La brute et le truand
Égocentrique, violent, dépourvu du moindre scrupule sans pour autant tomber dans la criminalité, Jeff suscite l’antipathie, voire le dégoût. Gannon voit en lui un double potentiel, un salaud de la pire espèce en devenir. Dans le costume de l’antihéros, Stewart accomplit une nouvelle fois des merveilles comme dans L’Appât ou dans Winchester 73). Anthony Mann quant à lui s’attarde sur le caractère aride de l’environnement et sème de nombreuses embûches sur le parcours du cow-boy, à commencer par des obstacles moraux en mesure de de le ramener dans le droit chemin.
Si Mann n’adopte pas les vertus humanistes d’un John Ford par exemple, il croit malgré tout dans une possible rédemption. Ici, le metteur en scène pave la route de Jeff de multiples cahots à même de lui faire éprouver de la compassion. Des cahots synonymes de douleur comme à l’accoutumée chez le cinéaste, symbolisés par une tentative d’exécution et un duel final durant lequel les stigmates de la souffrance s’affichent via les grimaces des protagonistes. Ou comment progressivement, passer de bourreau à martyr va amener Jeff à recouvrer son humanité.

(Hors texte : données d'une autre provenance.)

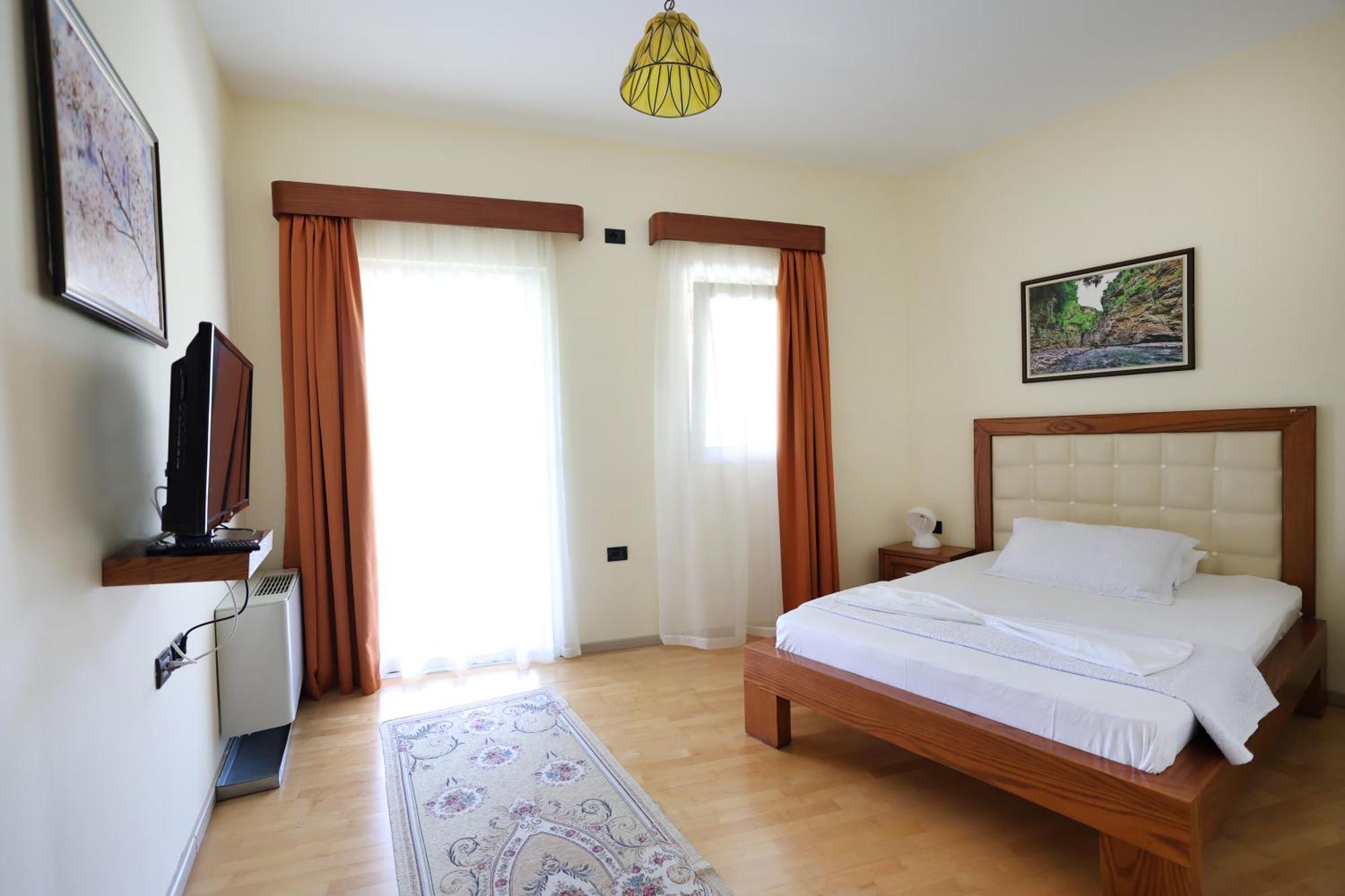 Hotel Kanione Cerenisht Екстер'єр фото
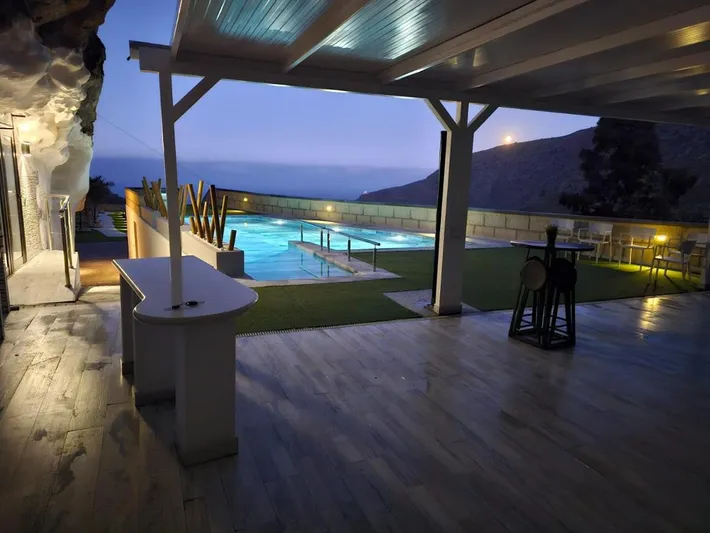 Villa for 14 people, with pool and view as well as terrace - 1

Avec Je suis un Aventurier, Anthony Mann continue de s’affranchir des canons traditionnels du western en délivrant une fois de plus un film empli d’une férocité peu coutumière à Hollywood avec comme égérie, un être méprisable interprété par un James Stewart au sommet de son art. Si proche et si différent de John Ford, d’Howard Hawks ou d’Henry Hataway, Anthony Man a réussi à déposer une empreinte singulière au sein de l’industrie. Je suis un Aventurier personnifie à lui seul cette empreinte unique, baignée dans la lumière et les ténèbres de l’âme humaine. Par ailleurs, peu contestèrent l’aura de James Stewart, un des joyaux éternels d’une époque révolue, trônant au panthéon des gloires hollywoodiennes aux côtés de John Wayne, Henry Fonda, Cary Grant, Gary Cooper et Humphrey Bogart.
Film américain d’Anthony Mann avec James Stewart, Walter Brennan, Corinne Calvet. Durée 1h37. 1954.